The probability of drawing a 4 is $\frac{47}{240}$

Step-by-step explanation:

We will assume that each of the dices is equally likely to be drawn. So, let us consider this three events: A is the event that we draw a traditional die, B is the event that we draw a die that has two 4's on it and C is that we draw a ten sided die.

Since they are all mutually exclusive events, we have that P(A) + P(B) + P(C)=1. We will find this probability by simply counting the number of ways in which we get the specific event and divided by the total number of outcomes.

Note that since we have 8 dice, and 3 dice are fair standard dice, P(A) = 3/8.

On the same fashion, we get that P(B) = 2/8, P(C) = 3/8.

No, we will calculate the probability of getting a 4 to each type of die. Let D be the event that we get a 4. So, we will calculate the conditionals probabilities P(D|A), P(D|B), P(D|C). Recall that P(D|A) is the probability of getting a 4, given that we draw a standard fair die.

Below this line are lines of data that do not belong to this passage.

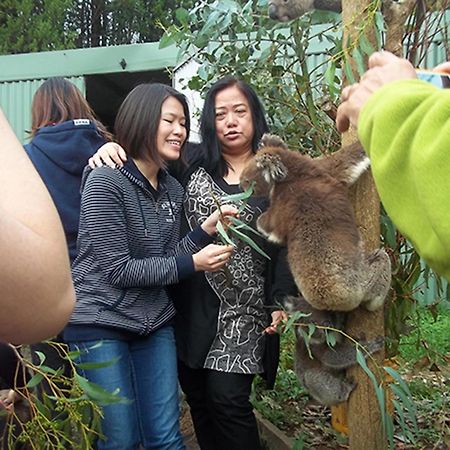 Fauna Australia Wildlife Retreat Lavers Hill المظهر الخارجي الصورة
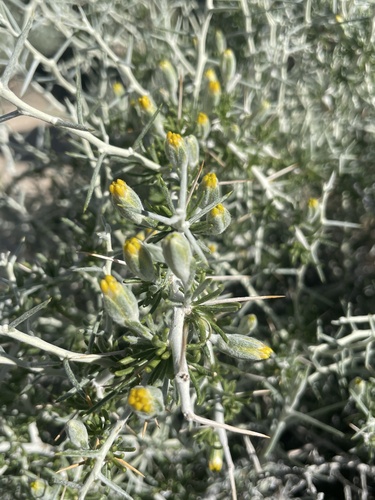 Tetradymia axillaris A.Nelson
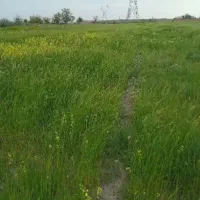 زمین-کشاورزی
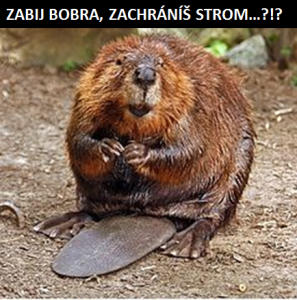 zabij bobra, zachráníš strom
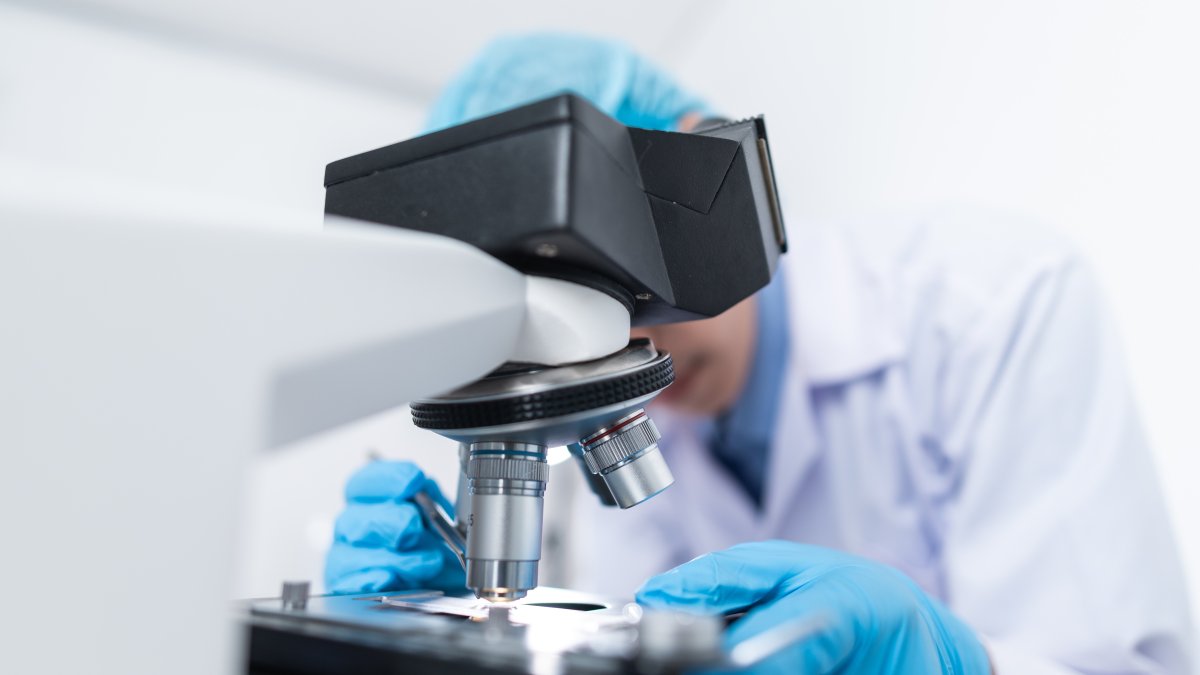 Imagen referencial. El estudio se está llevando a cabo con lámparas específicas que emiten dosis continuas, bajas y de una longitud de onda particular.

So, suppose we get a standard die. Since it is fair and standard, we have that  the probability of getting a four is 1/6. Thus P(D|A) = 1/6.

If we get a die that has two 4's, we have double the chance of getting a 4, so the probability is 2/6. Then P(D|B) = 2/6.

Now, consider the case we get a 10-sided die. In here, we will assume that all odd numbers are equally likely between them and that even numbers are equally likely between them. When we throw the die, we get a number between 1 and 10. Since all possible outcomes of throwing the die once are mutually exclusive, we must have that P(1)+P(2)+...+P(10)= 1. Let c be the probability assigned to an odd number and 2c be the probability assigned to an even number. Then we have that

$c+ 2c+c+2c+c+2c+c+2c+c+2c = 5c+5*(2c) = 15c = 1$

which implies that c= 1/15. Then, in this case the probability of getting a 4 is 2c, i.e 2/15. Then P(D|C) = 2/15.

We will use the following theorem (total probability theorem). Given a partition of the sample space $A_1, \dots , A_n$ (partition means mutually exclusive events) and an event B, then

$P(B) = \sum_{i=1}^{n} P(A_i)P(B|A_i)$

In our case, we are asked to calculate P(D). Then, by this theorem

$P(D) = P(A)\cdot P(D|A)+P(B) P(D|B) + P(C) P(D|C) = \frac{3}{8}\cdot \frac{1}{6}+\frac{2}{8}\cdot \frac{2}{6}+\frac{3}{8}\cdot \frac{2}{15}= \frac{47}{240}$